PHMSA chief: Silvertip oil line surpassed burial rules

Nick Snow
OGJ Washington Editor

WASHINGTON, DC, July 14 -- ExxonMobil Pipeline Co. (Empco) exceeded burial requirements for its Silvertip crude oil pipeline in Montana before it ruptured on July 1 and leaked 1,000 bbl into the Yellowstone River, the director of the US Pipeline and Hazardous Materials Safety Administration told a US House Transportation and Infrastructure subcommittee.

PHMSA requires at least 4 ft of cover when a pipeline crosses a river that is 100 ft wide, Cynthia L. Quarterman said during a July 14 Railroads, Pipelines, and Hazardous Materials Subcommittee hearing on the pipeline rupture and leak near Laurel, Mont. When ExxonMobil performed a depth-of-cover (DOC) survey in December 2010, it found 5 ft of cover in the riverbed and 12 ft of cover on the crossing’s south side, she said.

Empco performed the survey after PHMSA and the city of Laurel jointly reviewed rising river flow and erosion near the river’s south bank and expressed concern, Quarterman said. When flooding became heavy the following May, she said PHMSA inspectors began monitoring the river’s flow rates daily and visually observed the pipeline’s crossing biweekly. Empco confirmed there was at least 12 ft of cover on the bank in June after PHMSA asked for another DOC inspection, she said.

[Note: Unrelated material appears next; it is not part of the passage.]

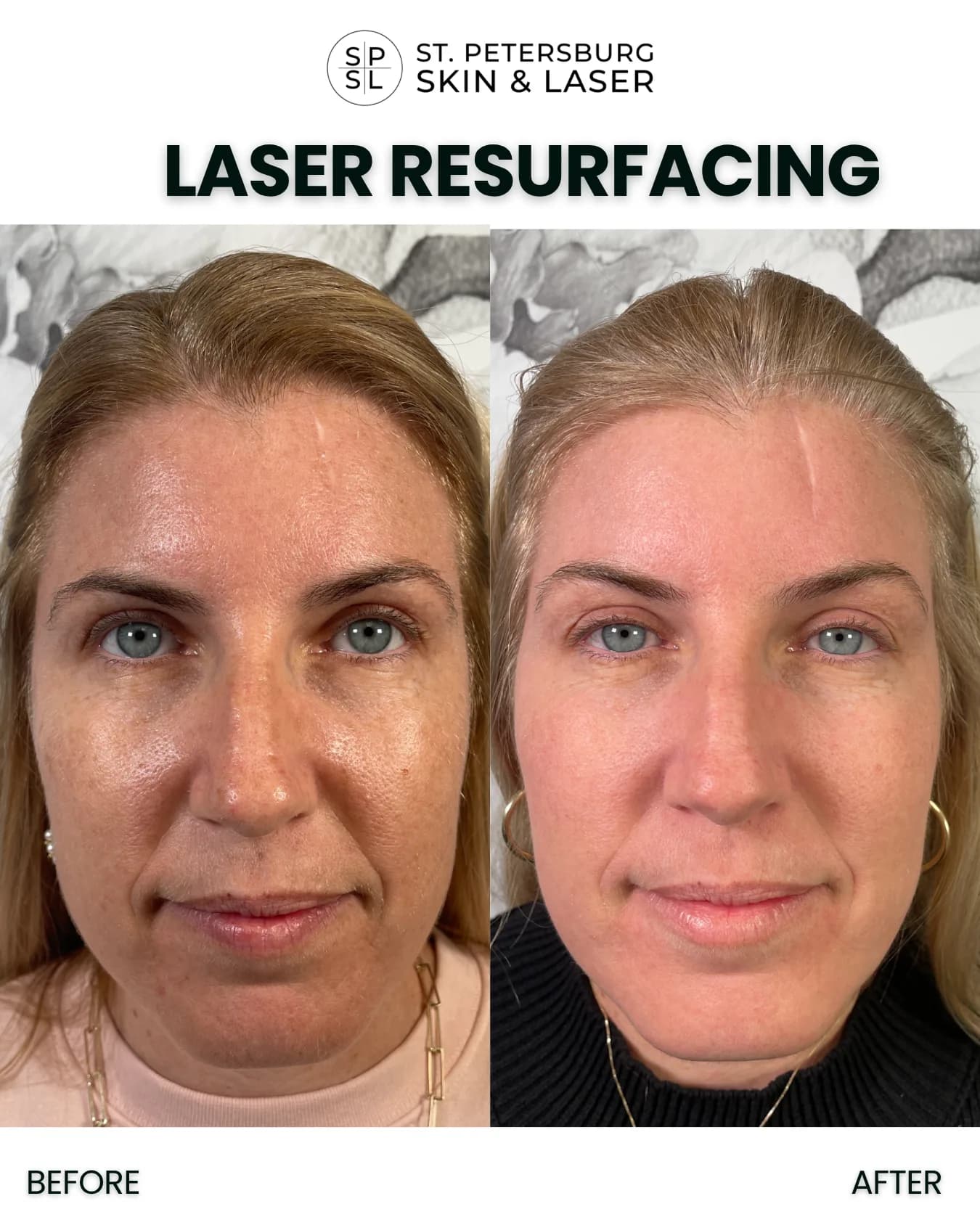 Laser Resurfacing before and after results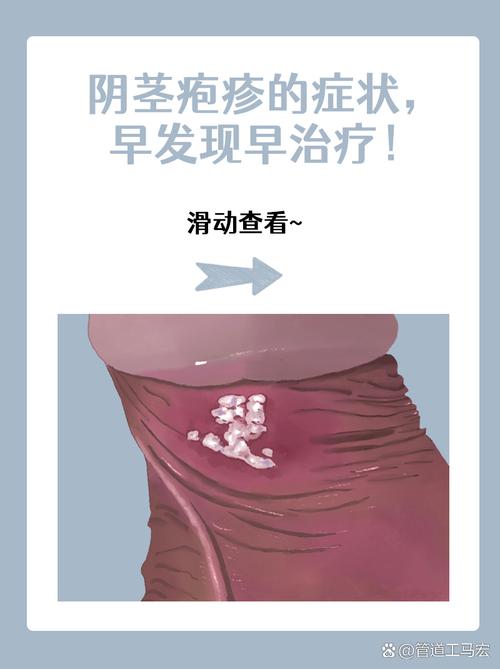 龟头水泡？快查查原因！（龟 头上长了小水泡图片）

She said PHMSA also alerted pipeline operators along the upper Missouri River and its tributaries of risks from high runoff in early June and urged them to take appropriate actions.

The US Department of Transportation agency has routinely inspected the pipeline for years, according to Quarterman. “As recently as June 6-10, 2011, PHMSA personnel performed an integrity management field inspection on the Silvertip pipeline,” she said. It reviewed Empco’s 2009 internal inspection data for the line and found no violations. It did find, however, an anomaly at the river crossing that was below required repair conditions under federal pipeline safety regulations, she said.

August retrieval
PHMSA will investigate the matter thoroughly and not allow Empco to restart the pipeline until it is clear that it is free of safety and environmental risks, Quarterman pledged. She said that water in the river could subside to a point where the ruptured section can be retrieved sometime in August. “ExxonMobil will be responsible for exposing the pipeline, and we will be there to take custody of it once it comes from the water,” she told the subcommittee. Finding the rupture’s cause could take several months, Quarterman added.

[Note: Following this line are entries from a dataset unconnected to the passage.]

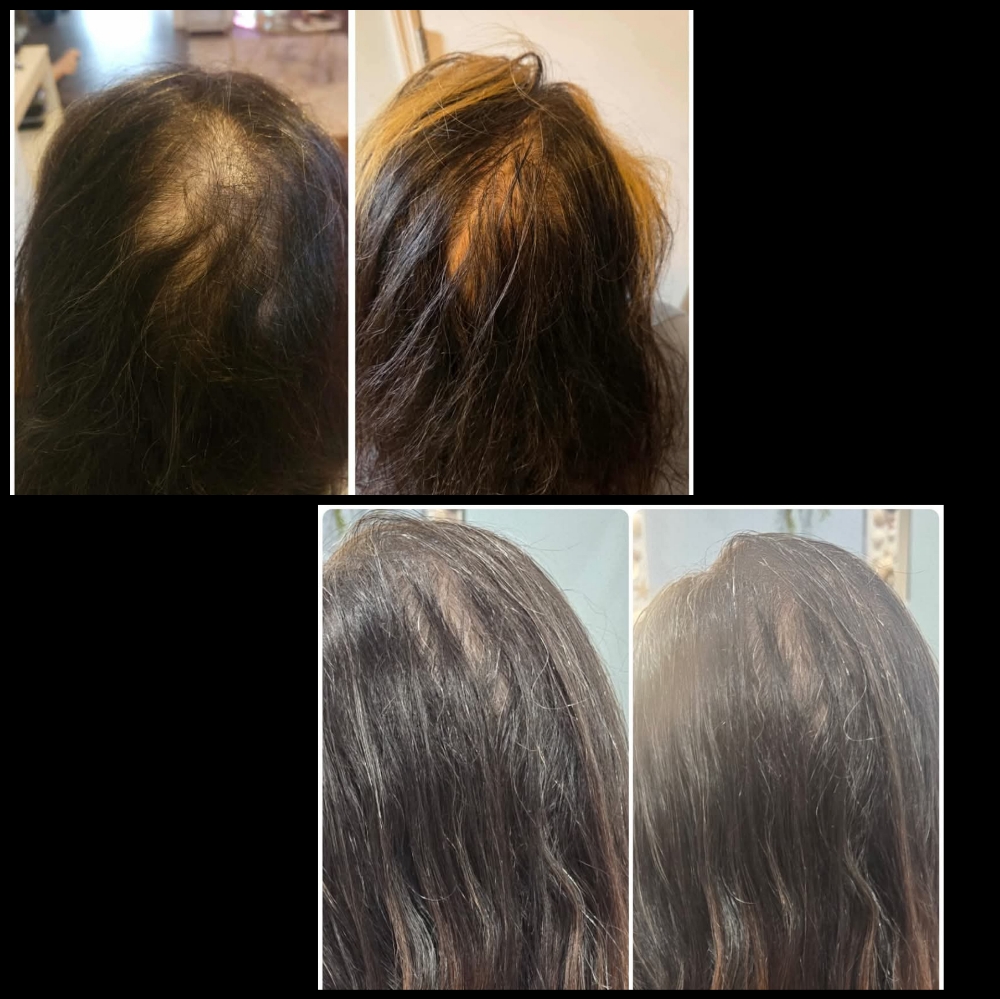 Hair Regenerative Skincare Service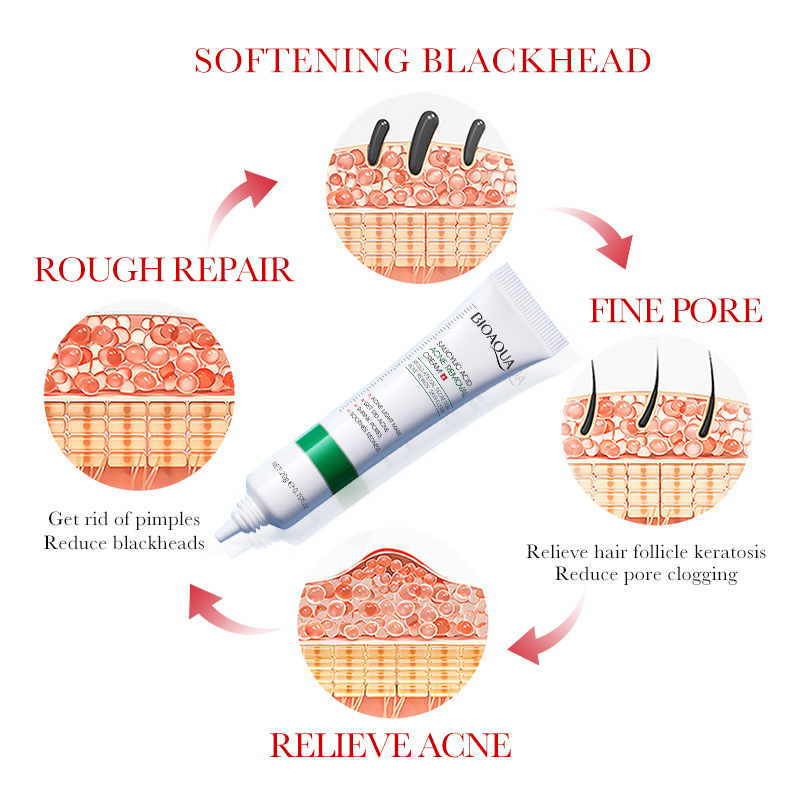 1/2/3pcs BIOAQUA 살리실산 페이스 크림 여 - Salicylic Acid Blackhead Remover 리뷰 및 가격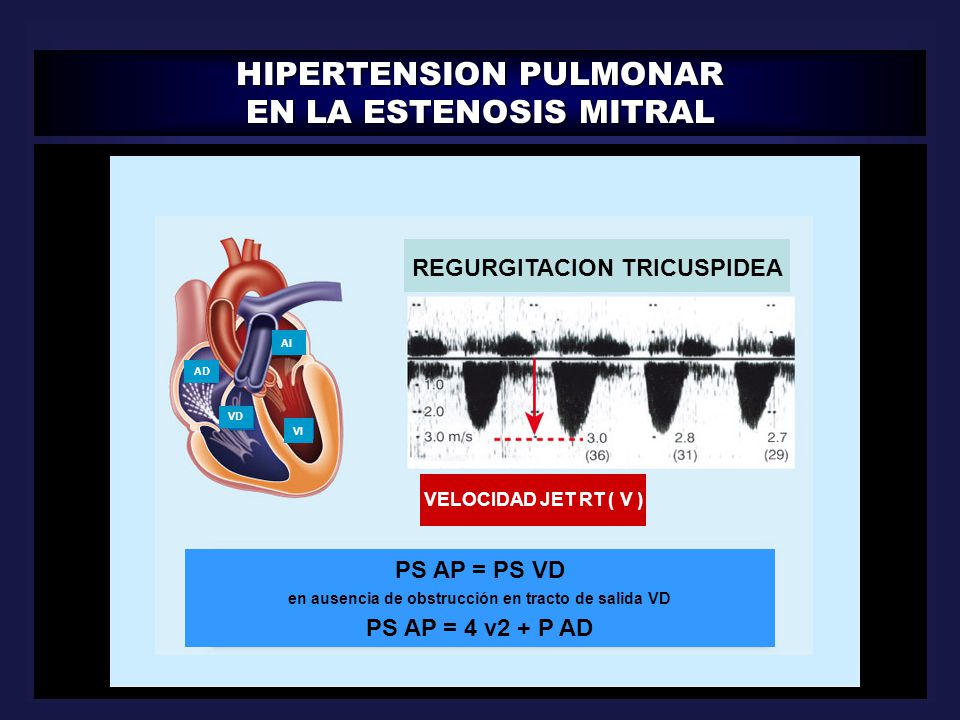 Regurgitación tricuspídea leve moderada hipertensión severa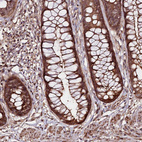 Immunohistochemical staining of human rectum shows strong cytoplasmic positivity in glandular cells.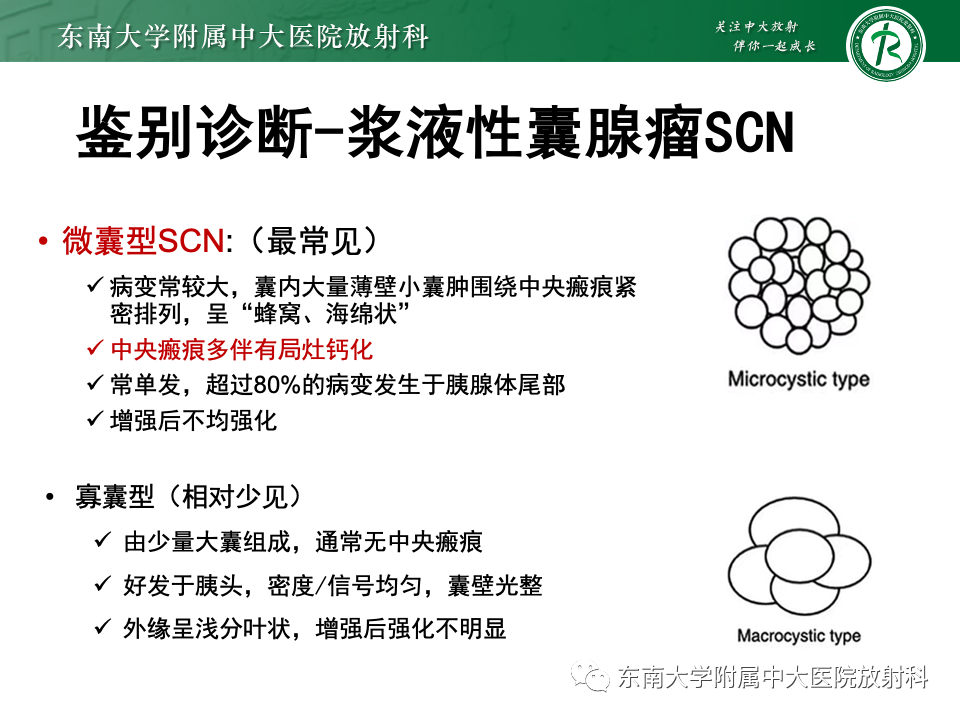 影像PPT - 【PPT】胰腺实性假乳头状瘤-21 影像PPT - 【PPT】胰腺实性假乳头状瘤-21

Empco Pres. Gary W. Pruessing said the ExxonMobil Corp. subsidiary is committed to using horizontal drilling to replace the damaged section of pipe, consistent with PHMSA’s June 6 corrective action order, with a new pipe section that will be placed 30 ft below the riverbed. “Drilling will not be in rubble or sediment, but in rock,” he indicated. “As we go to a depth of 30 ft below the riverbed, we’ll have to dig farther bank from the bank so we don’t have too steep a slope. That will require moving some of the valves back.”

The company tried to respond quickly once it realized that a rupture had occurred, he told the subcommittee. “Of paramount concern to us is the impact on local communities,” Pruessing said. “We established a community information line and have received more than 300 calls. A number of these calls are related to property, agriculture, and health, and we are actively responding to more than 120 of them.”

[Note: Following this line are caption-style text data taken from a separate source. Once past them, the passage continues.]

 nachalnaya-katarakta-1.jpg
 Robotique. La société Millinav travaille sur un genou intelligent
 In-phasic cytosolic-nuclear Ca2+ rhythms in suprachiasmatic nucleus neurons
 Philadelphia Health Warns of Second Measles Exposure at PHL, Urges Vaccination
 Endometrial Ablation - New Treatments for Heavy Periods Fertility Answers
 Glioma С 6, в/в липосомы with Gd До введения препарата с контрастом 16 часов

Empco also continues to work with the incident response’s unified command, which the US Environmental Protection Agency is leading, monitoring air and water quality along a 200-mile stretch of the river, he continued. “To date, it confirms there is no danger to public health, and no reported water system impacts,” he testified. Empco also brought in several experts to monitor local wildlife impacts.

Two members of Montana’s congressional delegation separately pledged to hold Empco accountable for the rupture and leak. “This spill was a failure that did not live up to our standards,” said Rep. Dennis Rehberg, its at-large House member and a Republican. “I want to know why, and how we can keep it from happening again.”

US Sen. Jon Tester, a Democrat, said that it’s imperative to fully determine what happened before, during, and after the incident. “It’s just as important we build a culture committed to safety, transparency, and accountability,” he said.